Work required: Copy the listing exactly, images excluded.

Data:
-----
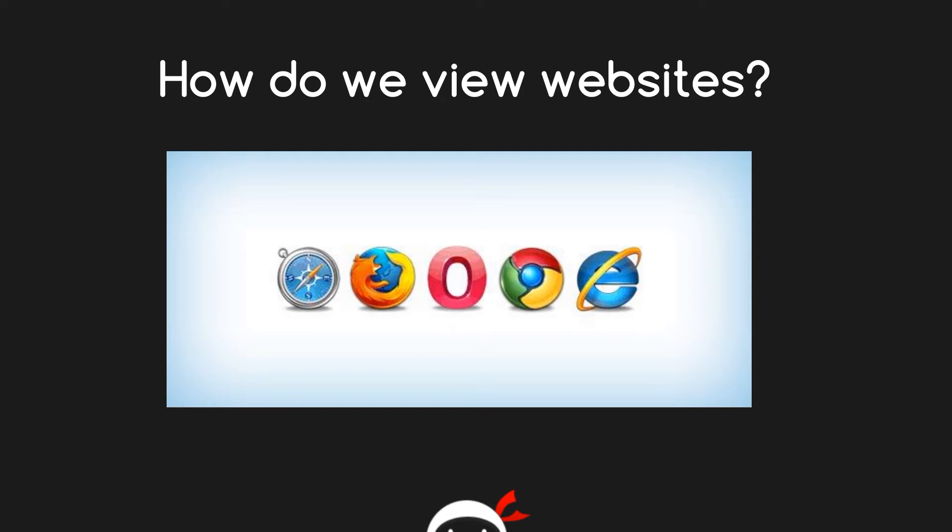Each of these browsers have different standards and different levels of support when it comes to CSS. Some of them support everything, some of them support most things, and some of them don't support a lot of things. So you have to test each browser carefully to make sure that all of your CSS looks good in each browser.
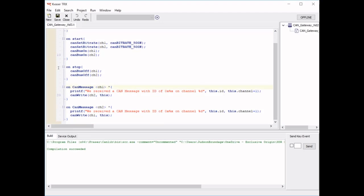What we're going to do is make our T-Script only send messages from channel 1 to channel 2 if they have an ID of hex 100. We can do that by putting hex 100 in parentheses right before the block.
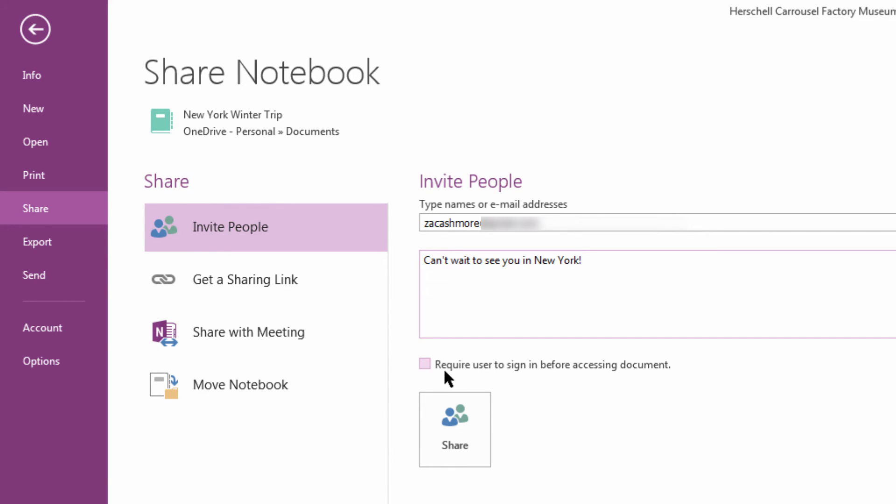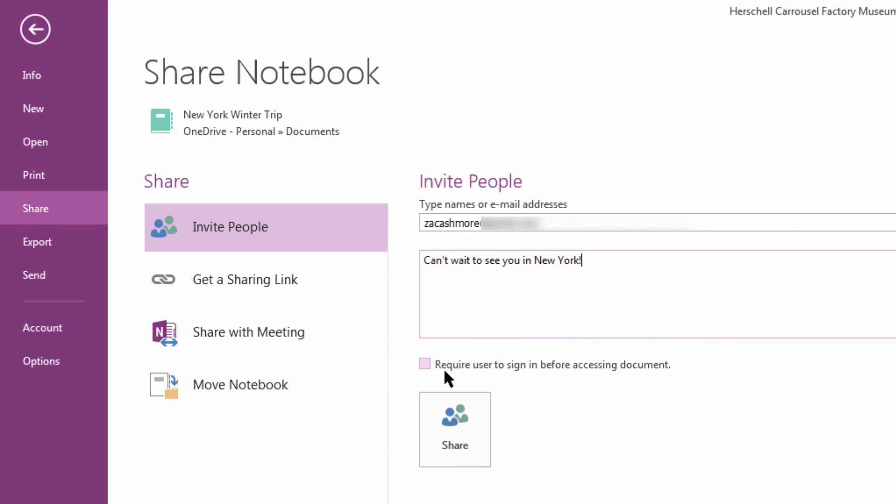We can choose to have him sign in with his username and password, or just send him a link. If we want him to have to log in, we'll check this box. If we just want to send him a link and make it a little more convenient, we can leave this unchecked.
-----
Solution:
Each of these browsers have different standards and different levels of support when it comes to CSS. Some of them support everything, some of them support most things, and some of them don't support a lot of things. So you have to test each browser carefully to make sure that all of your CSS looks good in each browser.
What we're going to do is make our T-Script only send messages from channel 1 to channel 2 if they have an ID of hex 100. We can do that by putting hex 100 in parentheses right before the block.
We can choose to have him sign in with his username and password, or just send him a link. If we want him to have to log in, we'll check this box. If we just want to send him a link and make it a little more convenient, we can leave this unchecked.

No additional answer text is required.